* **DATA TO EXAMINE**:
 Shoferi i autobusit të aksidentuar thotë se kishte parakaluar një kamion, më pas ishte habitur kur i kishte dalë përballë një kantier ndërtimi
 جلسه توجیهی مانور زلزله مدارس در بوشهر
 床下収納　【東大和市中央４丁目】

...

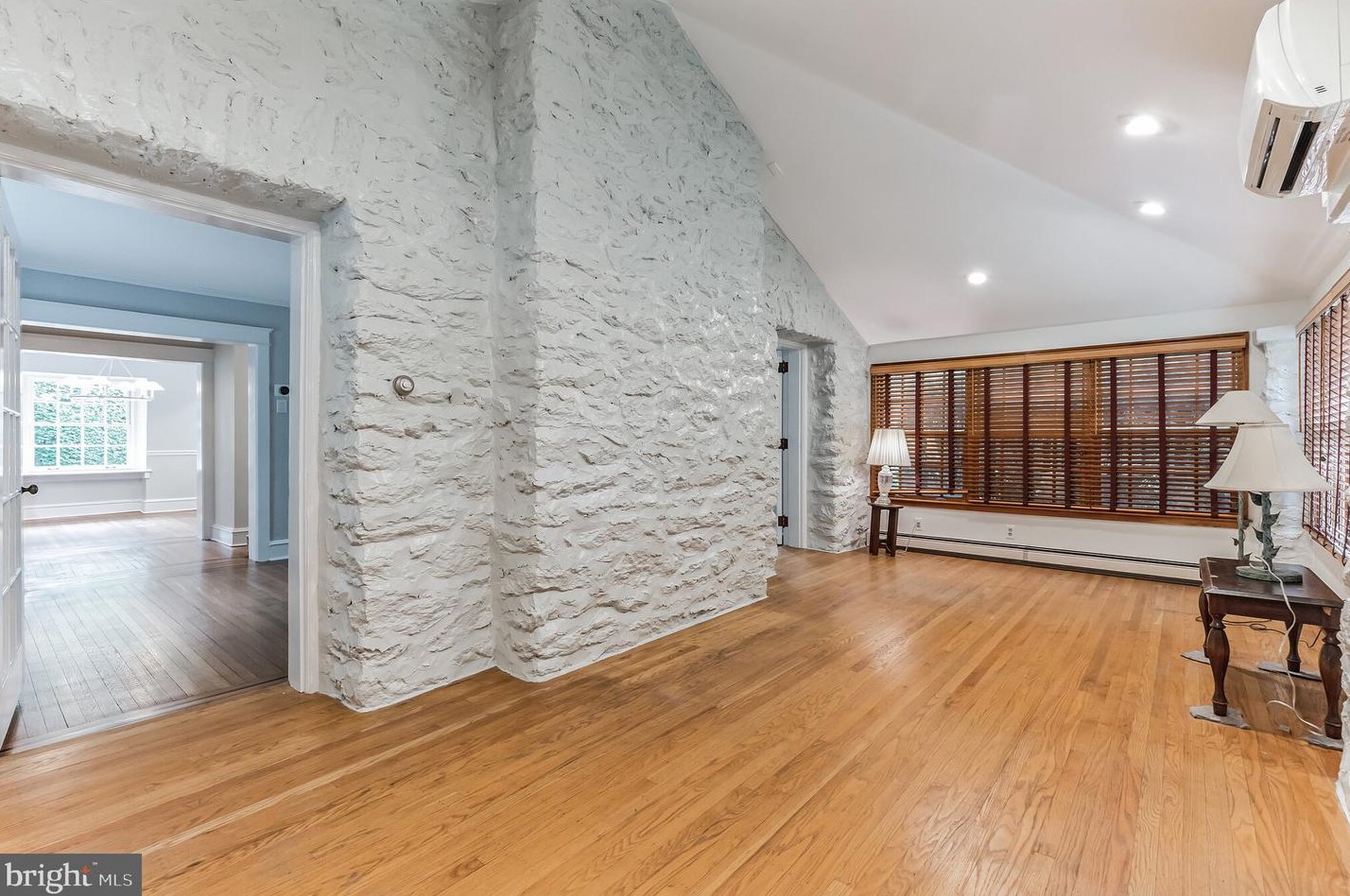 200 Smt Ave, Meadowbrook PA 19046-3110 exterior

* **TASK DIRECTIONS**: Please copy, exactly and with nothing else, the lines above beginning at the line that has "Shoferi i autobusit" and ending with the line that has "床下収納　【東大和市中央４丁目】".

* **EXERCISE RESULT**:
 Shoferi i autobusit të aksidentuar thotë se kishte parakaluar një kamion, më pas ishte habitur kur i kishte dalë përballë një kantier ndërtimi
 جلسه توجیهی مانور زلزله مدارس در بوشهر
 床下収納　【東大和市中央４丁目】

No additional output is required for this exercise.